DWORD t2 = GetTickCount();
if (t2 - t1 > 100) ExitProcess(0);  // Debugger slowdown detected

Bypasses in x64dbg

  • ScyllaHide plugin - Automatically patches all common anti-debug checks
  • TitanHide - Kernel-level anti-anti-debug
  • Manual NOP - Patch the conditional jump after each check to always fall through

Multi-Stage Packers

Advanced malware uses multiple layers:

Stage 1: Outer packer (custom XOR stub)
  → Decrypts Stage 2 in memory
Stage 2: Inner packer (Themida/VMProtect)  
  → Unpacks Stage 3 in new allocation
Stage 3: Shellcode loader
  → Reflective DLL injection of Stage 4
Stage 4: Final payload (RAT, stealer, etc.)

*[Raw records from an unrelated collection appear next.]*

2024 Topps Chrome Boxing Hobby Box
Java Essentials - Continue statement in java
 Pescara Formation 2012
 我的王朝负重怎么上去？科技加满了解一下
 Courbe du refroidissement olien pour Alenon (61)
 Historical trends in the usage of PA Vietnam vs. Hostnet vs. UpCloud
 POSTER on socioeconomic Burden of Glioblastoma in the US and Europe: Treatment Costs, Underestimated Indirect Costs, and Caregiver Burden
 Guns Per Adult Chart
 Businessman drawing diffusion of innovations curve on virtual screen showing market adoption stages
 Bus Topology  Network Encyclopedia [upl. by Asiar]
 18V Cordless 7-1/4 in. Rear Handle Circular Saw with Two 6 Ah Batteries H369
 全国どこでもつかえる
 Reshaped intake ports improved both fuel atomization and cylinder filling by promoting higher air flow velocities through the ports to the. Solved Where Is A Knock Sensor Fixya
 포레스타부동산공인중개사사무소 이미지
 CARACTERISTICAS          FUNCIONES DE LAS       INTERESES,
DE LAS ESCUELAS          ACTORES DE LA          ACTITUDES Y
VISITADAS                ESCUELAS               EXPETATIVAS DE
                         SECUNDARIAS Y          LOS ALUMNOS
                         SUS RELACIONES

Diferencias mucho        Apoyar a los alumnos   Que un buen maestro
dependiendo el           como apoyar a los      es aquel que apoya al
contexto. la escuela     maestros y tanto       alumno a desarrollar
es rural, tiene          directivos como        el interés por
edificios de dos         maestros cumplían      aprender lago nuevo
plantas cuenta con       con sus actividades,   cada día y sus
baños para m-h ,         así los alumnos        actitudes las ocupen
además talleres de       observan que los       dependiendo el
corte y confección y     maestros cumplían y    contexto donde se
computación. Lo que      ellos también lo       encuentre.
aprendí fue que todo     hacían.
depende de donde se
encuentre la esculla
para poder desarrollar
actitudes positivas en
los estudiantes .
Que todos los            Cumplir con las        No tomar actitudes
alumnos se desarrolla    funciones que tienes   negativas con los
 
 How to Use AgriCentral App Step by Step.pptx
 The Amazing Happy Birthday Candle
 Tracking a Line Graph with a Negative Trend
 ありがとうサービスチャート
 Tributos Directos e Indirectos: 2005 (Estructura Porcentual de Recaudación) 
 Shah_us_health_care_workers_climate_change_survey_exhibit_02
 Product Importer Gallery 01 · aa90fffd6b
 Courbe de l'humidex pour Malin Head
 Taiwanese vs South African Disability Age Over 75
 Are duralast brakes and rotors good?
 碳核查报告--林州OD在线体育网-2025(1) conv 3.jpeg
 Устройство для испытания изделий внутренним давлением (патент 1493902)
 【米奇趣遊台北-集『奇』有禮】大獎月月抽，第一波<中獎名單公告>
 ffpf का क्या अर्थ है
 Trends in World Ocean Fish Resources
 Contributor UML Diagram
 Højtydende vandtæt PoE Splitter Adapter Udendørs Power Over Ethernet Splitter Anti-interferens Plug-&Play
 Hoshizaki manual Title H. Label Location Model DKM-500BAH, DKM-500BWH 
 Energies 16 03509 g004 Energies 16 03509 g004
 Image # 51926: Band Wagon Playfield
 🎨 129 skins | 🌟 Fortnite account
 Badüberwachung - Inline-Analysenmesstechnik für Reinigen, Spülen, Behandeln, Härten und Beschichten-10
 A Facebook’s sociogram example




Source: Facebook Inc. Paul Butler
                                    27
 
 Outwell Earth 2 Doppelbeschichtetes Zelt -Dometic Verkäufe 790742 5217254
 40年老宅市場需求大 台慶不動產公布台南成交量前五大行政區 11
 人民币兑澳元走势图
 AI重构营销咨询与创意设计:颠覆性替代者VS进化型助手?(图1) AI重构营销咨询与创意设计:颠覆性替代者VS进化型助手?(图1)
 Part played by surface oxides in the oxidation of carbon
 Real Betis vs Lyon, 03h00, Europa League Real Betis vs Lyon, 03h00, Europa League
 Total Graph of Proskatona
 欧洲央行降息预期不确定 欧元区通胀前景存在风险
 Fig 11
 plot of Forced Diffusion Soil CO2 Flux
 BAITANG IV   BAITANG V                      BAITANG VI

Each stage requires separate unpacking. Set breakpoints on VirtualAlloc/VirtualProtect to catch each transition.

Automated Unpacking

For known packers, automated tools save time:

  • unipacker - Generic unpacker using emulation (Unicorn engine)
  • PE-sieve - Detects and dumps in-memory implants
  • Mal-Unpack - Dynamic unpacker using API monitoring
  • ANY.RUN / Triage - Cloud sandboxes that dump unpacked payloads

Indicator Extraction Post-Unpack

Once unpacked, extract IoCs:

  • Strings: floss (FLARE’s advanced string extraction)
  • Network indicators: IPs, domains, URLs, user-agents
  • File paths and registry keys
  • Mutex names (often unique per campaign)
  • Crypto keys and configurations

The ability to unpack any binary is the most fundamental malware analysis skill. Master the ESP trick, memory breakpoints, and Scylla - they work against 90% of packers you’ll encounter.